For those involved in building disputes it is easy to forget that arbitration is far more widely used than in just construction, shipping and rent reviews. A look further afield shows just how powerful and flexible a tool arbitration can be. An article about the proposed arbitration arrangements for the 2008 Olympics that recently appeared in Arbitration, the journal of the Chartered Institute of Arbitrators, amply illustrates this.
Arbitration is frequently used in sport to deal with a wide range of disputes. It provides speedy, in some cases very speedy, binding decisions between parties of various nationalities in farflung venues. The necessary contractual basis for arbitration is usually in the entry forms that all participants have to sign.
The Court of Arbitration for Sports, which handles Olympic disputes, is based in Switzerland, and holds arbitrations under Swiss law. Its ad hoc division is used to working exceptionally fast, its rules requiring it to give a decision within 24 hours of an application being made.

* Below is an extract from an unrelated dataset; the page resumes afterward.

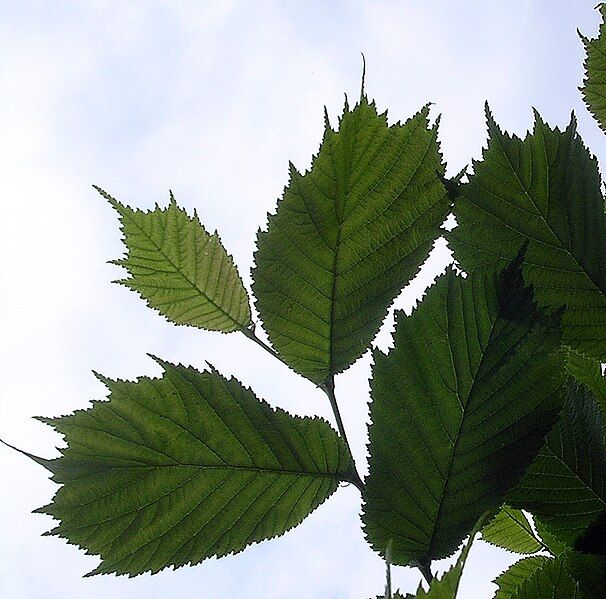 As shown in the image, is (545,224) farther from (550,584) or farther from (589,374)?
(550,584)

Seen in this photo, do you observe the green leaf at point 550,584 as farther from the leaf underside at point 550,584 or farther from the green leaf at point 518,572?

Given that disputes are not simply about who crossed the finishing line first, but may involve delving into evidence about drugs or an athlete's eligibility, this time limit is a very tall order.
The range of disputes that the tribunal may be called on to deal with is vast, stretching from arguments with sponsors to athletes complaining about not being selected for their team.
In addition to speed, a key advantage to sport of using arbitration is finality. The benefits of preventing parties going off to court, and the consequential delays and ongoing uncertainties that would create, are clear. It seems that, generally, national courts have supported the sports arbitration system by declining to intervene. The article in Arbitration cites an attempt at the Sydney Olympics to appeal an arbitration award. The dispute was between two Australian athletes, and the appeal was made to an Australian court. The court decided it had no jurisdiction to intervene in what was a Swiss arbitration.
An aspect of considerable interest to those familiar with construction arbitration, and its often tricky rules about joining in other parties is the extent to which the tribunal in sports arbitration can invite others to take part. It is easy to see that in a competitive situation a decision may affect others. In a hearing to decide whether an Olympic ice hockey player was to be banned and his team disqualified, the tribunal simply asked the six other teams potentially affected by the decision to participate in the arbitration.
So how does sports arbitration compare with construction's speedy dispute resolution system, adjudication? The immediately apparent difference is the finality of arbitration. But the Technology and Construction Court (TCC) has observed that in many instances adjudication decisions are effectively final, the parties being reluctant to pursue their dispute further. If what construction wants is fast, final decisions, the sports model shows that arbitration can deliver.
One disadvantage of adjudication is the time and energy often expended on enforcement, mainly arising from arguments about jurisdiction.
For a supposedly fast and straightforward dispute resolution system, adjudication has some very convoluted problems in this area. Those could largely be avoided by opting for arbitration instead.
Another disadvantage of adjudication is that costs are generally not recoverable; again not usually a problem with arbitration.
In litigation, parties are able to join in other parties. Some players in the construction industry opt for arbitration as a way of avoiding this. But the Olympic example shows that this is not necessarily how arbitration has to work.
Give the tribunal sufficient power and it can ask whoever it wants what they have to say about a dispute.
So although it deals with very different issues, sports arbitration shows that arbitration can be tailored to provide many of the benefits of adjudication, while avoiding some of the pitfalls.
Some construction lawyers have become involved in sports arbitration because of their familiarity with the process. Apart from opening up the possibility of trips to exciting events in exotic locations, this may also benefit construction by feeding back into it the knowledge and experience of some very fast and flexible dispute resolution techniques.